▶ _GOAL OF THE EXERCISE_:
Below are the entries; give again exactly the lines from the one mentioning "8 Applefield Drive Property Photo 3" through the one mentioning "Bolso de noche negro con cadena", inclusive.

────────────────────────────────────────

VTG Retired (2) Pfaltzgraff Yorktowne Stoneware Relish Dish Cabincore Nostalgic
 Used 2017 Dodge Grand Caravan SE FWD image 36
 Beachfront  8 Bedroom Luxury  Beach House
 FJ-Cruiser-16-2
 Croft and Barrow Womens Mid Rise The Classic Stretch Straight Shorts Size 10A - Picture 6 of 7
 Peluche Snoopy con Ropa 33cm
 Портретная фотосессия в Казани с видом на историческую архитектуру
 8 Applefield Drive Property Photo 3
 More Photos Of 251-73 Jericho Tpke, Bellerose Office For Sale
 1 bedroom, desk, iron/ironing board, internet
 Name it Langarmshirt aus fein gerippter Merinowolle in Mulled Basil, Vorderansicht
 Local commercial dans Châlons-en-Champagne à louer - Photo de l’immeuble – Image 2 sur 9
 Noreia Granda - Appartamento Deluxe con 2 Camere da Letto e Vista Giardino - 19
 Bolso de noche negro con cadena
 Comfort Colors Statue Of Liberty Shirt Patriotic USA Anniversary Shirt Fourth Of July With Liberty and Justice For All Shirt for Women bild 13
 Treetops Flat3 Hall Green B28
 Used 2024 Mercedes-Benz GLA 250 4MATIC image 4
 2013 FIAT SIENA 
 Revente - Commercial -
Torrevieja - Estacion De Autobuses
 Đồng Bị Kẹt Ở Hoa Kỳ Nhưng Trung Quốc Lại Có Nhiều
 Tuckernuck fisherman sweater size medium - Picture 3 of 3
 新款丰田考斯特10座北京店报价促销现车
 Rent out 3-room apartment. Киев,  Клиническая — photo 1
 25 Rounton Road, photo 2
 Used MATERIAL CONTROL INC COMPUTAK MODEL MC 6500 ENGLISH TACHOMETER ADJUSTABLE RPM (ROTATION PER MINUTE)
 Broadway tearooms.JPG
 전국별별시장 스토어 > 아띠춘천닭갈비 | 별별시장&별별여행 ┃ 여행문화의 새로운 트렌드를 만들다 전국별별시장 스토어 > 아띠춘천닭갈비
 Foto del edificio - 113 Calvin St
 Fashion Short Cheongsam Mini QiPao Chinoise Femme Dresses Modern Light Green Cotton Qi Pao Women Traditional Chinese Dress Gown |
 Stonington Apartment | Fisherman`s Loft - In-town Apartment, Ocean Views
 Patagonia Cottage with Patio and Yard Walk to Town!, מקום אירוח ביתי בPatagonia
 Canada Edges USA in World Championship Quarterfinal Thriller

────────────────────────────────────────

▶ _OUTPUT OF THE TASK_:
 8 Applefield Drive Property Photo 3
 More Photos Of 251-73 Jericho Tpke, Bellerose Office For Sale
 1 bedroom, desk, iron/ironing board, internet
 Name it Langarmshirt aus fein gerippter Merinowolle in Mulled Basil, Vorderansicht
 Local commercial dans Châlons-en-Champagne à louer - Photo de l’immeuble – Image 2 sur 9
 Noreia Granda - Appartamento Deluxe con 2 Camere da Letto e Vista Giardino - 19
 Bolso de noche negro con cadena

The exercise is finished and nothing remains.